In almost all of the examples and applications so far, all functions have been defined in the form y=f (x) with y given explicitly in terms of x, or as an explicit function of x, for example y = 3x – 2 is an all explicit functions of x. The equation 4xy – 3x = 6 can be expressed as an explicit function of x by solving for y. This is:

4xy – 3x= 6

4xy = 3x + 6

y = \frac {3x+6}{4x}

On the other hand, some equations in x and y cannot be readily solved for y, and some equations cannot be solved for y at all. For example, while it would be possible (but tedious) to use the formula to solve for y in the equation y^2+2yx+4x^2=0, it is not possible to solve for y in the equation y^5+by^3+6y^2x^2+2yx^3+6=0. In equations such as these last two, y is said to be given implicitly in terms of x.

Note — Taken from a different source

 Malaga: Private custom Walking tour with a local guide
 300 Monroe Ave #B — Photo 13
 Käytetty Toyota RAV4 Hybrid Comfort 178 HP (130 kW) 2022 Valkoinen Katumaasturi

In such cases, it may still be possible to find the derivative \frac {dy}{dx}   by a process called implicit differentiation. In doing so, we assume that there exists some function or functions f, which we may not be able to find, such that y= f(x) and \frac {dy}{dx} exsist. It is useful to use \frac {dy}{dx}   here rather than f'(x) to make it clear which variable is independent and which is dependent.

One notation for the derivative of y is with respect to x is \frac {dy}{dx} Notice that this similar to one way of starting slope which is \frac {\Delta y}{\Delta x} . \Delta is used to represent change. When considering \frac {dy}{dx} it is often useful to tink of the x as an infinitesimally small change. Then dy is the corresponding change in y.

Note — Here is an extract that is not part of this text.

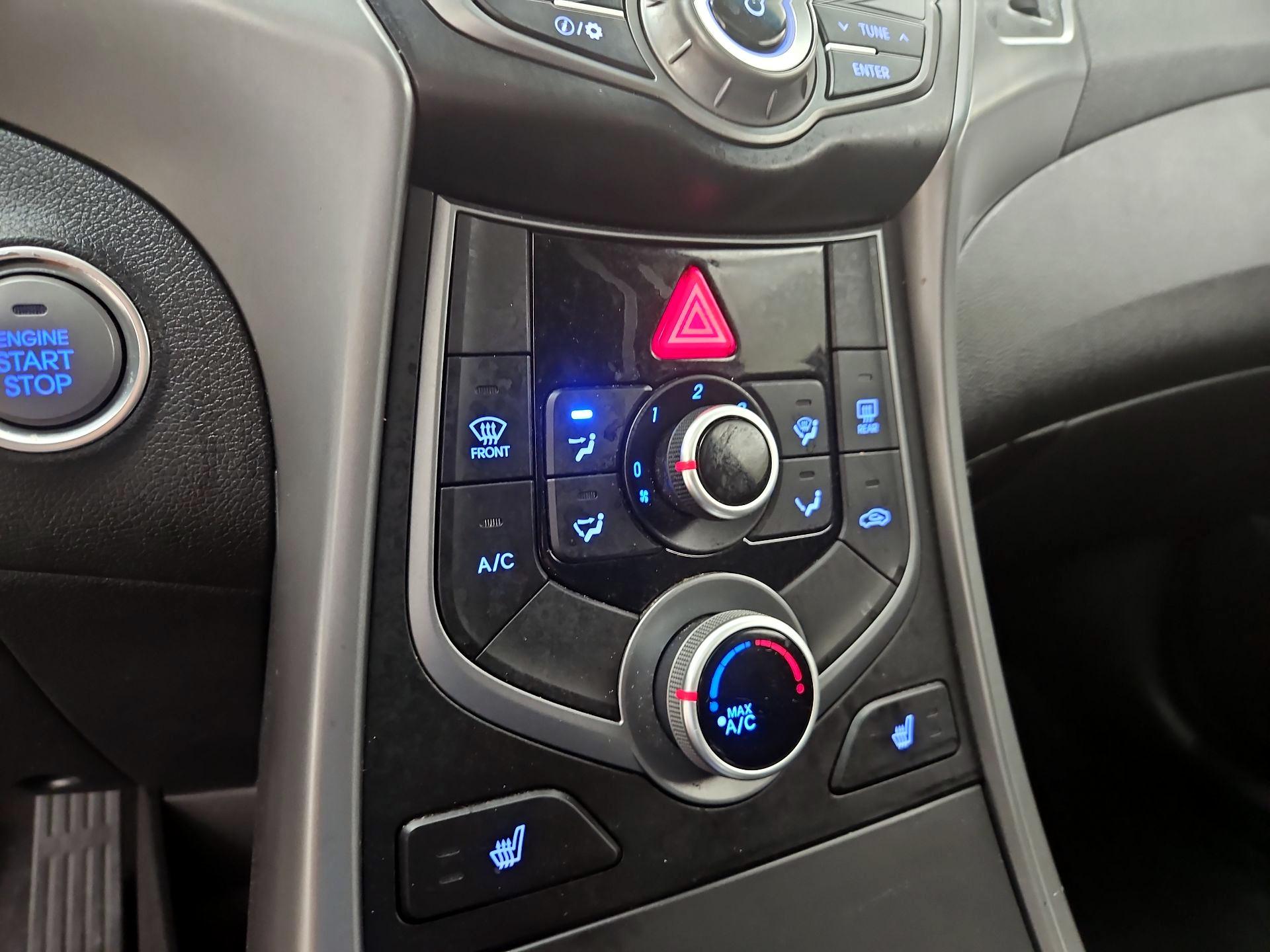 Thumbnail: 2014 Hyundai Elantra - 17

REVIEW: Earlier in the year we pointed out that when y is given as a function of x, x is the independent variable. We later defined the derivative \frac {dy}{dx} when y is a function of x. in an equation such as  3xy + 4y^2  = 10 , either variable can be considered the independent variable; if it asks for \frac {dy}{dx} , consider x the independent variable ; if it ask for \frac {dx}{dy} , consider y the independent variable. A similar rule holds when other variables are used.

If y= f(x) then \frac {dy}{dx} = f”(x); dy= f'(x)dx

Steps to using Implicit Differentiation:

To find \frac {dy}{dx} for an equation containing x and y:

1. Differentiate on both sides of the equation with respect to x, keeping in mind that y is assumed to be a function of x.

2. Place all terms with \frac {dy}{dx} on one side of the equal sign, and al terms without \frac {dy}{dx} on the other side.

3. Factor out \frac {dy}{dx} , and then solve for \frac {dy}{dx} .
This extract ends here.